The following text is an extract from a paper published by TSMC, Taiwan:

In general failure analysis cases, a less invasive fault isolation approach can be utilized to resolve a visual root cause defect. In the case of nano technology, visual defects are not readily resolved, due to an increase in non-visible defects. The non-visible defects result in a lower success rate since conventional FA methods/tools are not efficient in identifying the failure root cause. For the advanced nanometer process, this phenomenon is becoming more common; therefore the utilization of advanced techniques are required to get more evidence to resolve the failure mechanism. The use of nanoprobe technology enables advanced device characterization in order to obtain more clues to the possible failure mechanism before utilizing the traditional physical failure analysis techniques:

A wafer probing system with three micromanipulators (Klocke Nanotechnik) installed in a Hitachi FE-SEM S-4800.

Nano-probing is capable of directly measuring the behavior of source/drain junctions with a single probe, resistance measurement of two contacts with two probes and full transistor characterization with multiple probes. Basic transistor parameters such as Vt, Ioff, Isat, and junction behavior can be identified by means of I/V curves measurements.
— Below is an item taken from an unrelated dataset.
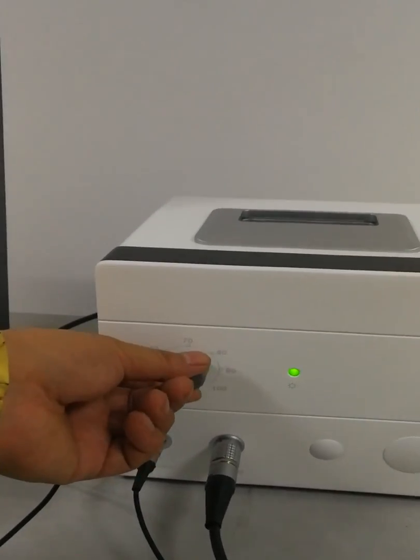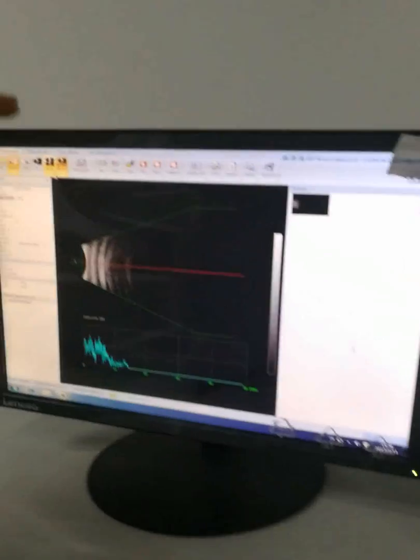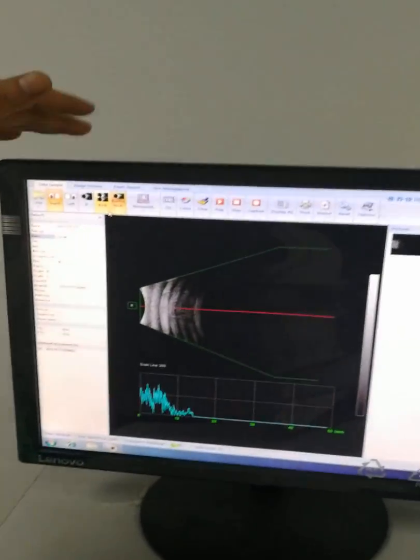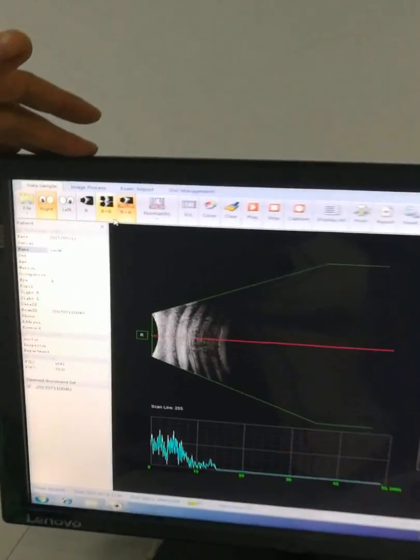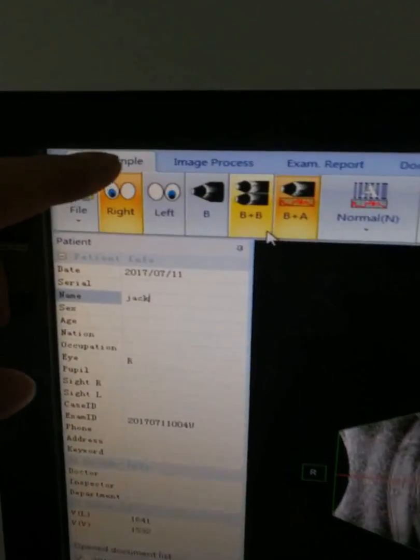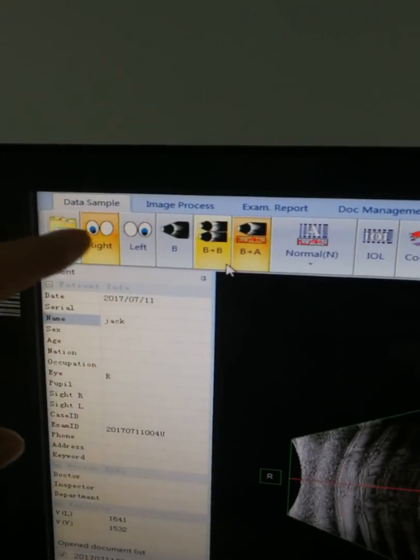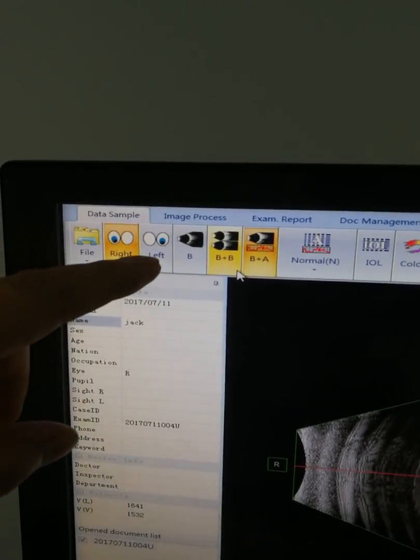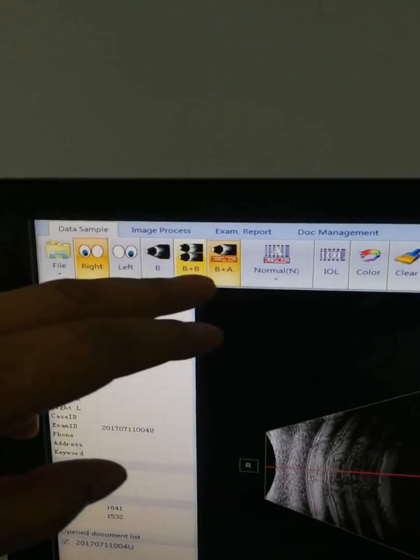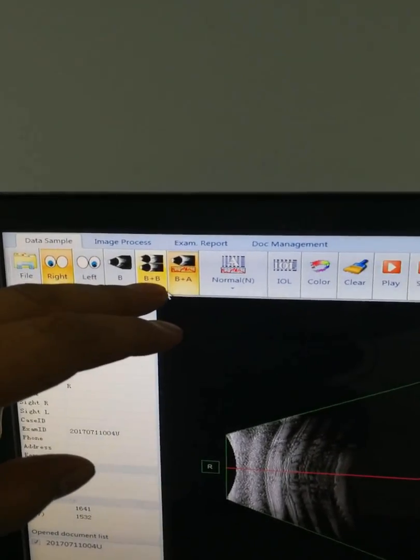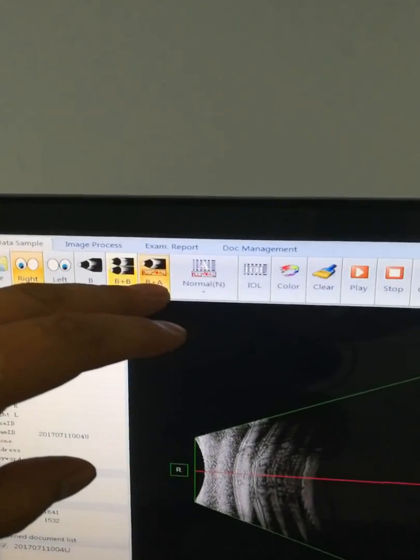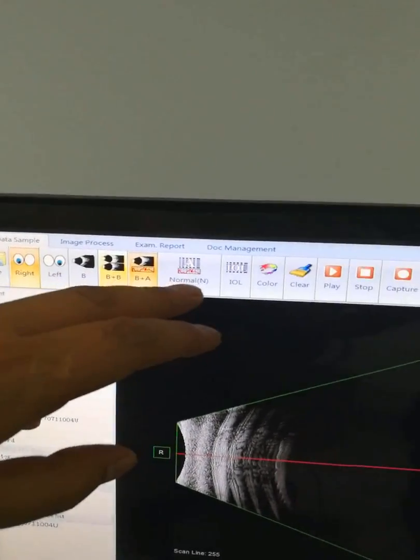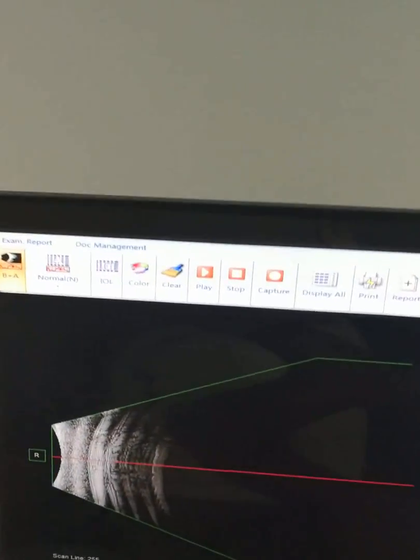This is our APScan software interface, showing total data samples inside. You can choose an operation: A model, B model, B plus B, and P plus A. This is A model.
This capability will help guide the root cause failure analysis when comparing the measured data with reference data.

A wafer probing system with three micromanipulators (Klocke Nanotechnik) was used in the measurements, which was installed into a Hitachi FE-SEM S-4800. Utilizing this nano-probing technique, we can measure the device characteristics at the contact level:

Device behavior is different between the PMOS transistors of bad and good dice. The device of bad die has higher Ioff.

After comparing the I/V curves of the emitting PMOS transistor with a reference PMOS transistor, an abnormal electrical characteristic can be observed on the emitting transistor (See Figure above). The I/V curve of bad transistor shows a lower Isat and higher Ioff current. In order to understand the leakage path, the current components of Source, Drain, Gate, and Well/substrate node shall be checked (See followingTable). Analysis of the electrical results indicates the leakage path of the emitting transistor is between drain and substrate.

The table shows the current value of source, drain, gate and well/substrate. Strong signals labeled with red indicate leakage existed between drain and substrate.

Conclusion:

Generally, nano-probing system is a powerful tool for electrical analysis; it can be used to characterize junction
behavior, short/resistance and transistor/diode measurements. For device behavior checking, the basic parameters, such as Vt, Ioff, and Isat can be measured easily, and the current flow to source, drain, gate, and well/substrate should also be identified to realize the leakage path.
Because WAT parameters can’t accurately reflect real device behavior in circuit, the nano-probing measurements on suspected transistors are needed. It can obtain more electrical data to provide more hints and saving more time to identify the root cause for the FA of 130nm technology and below.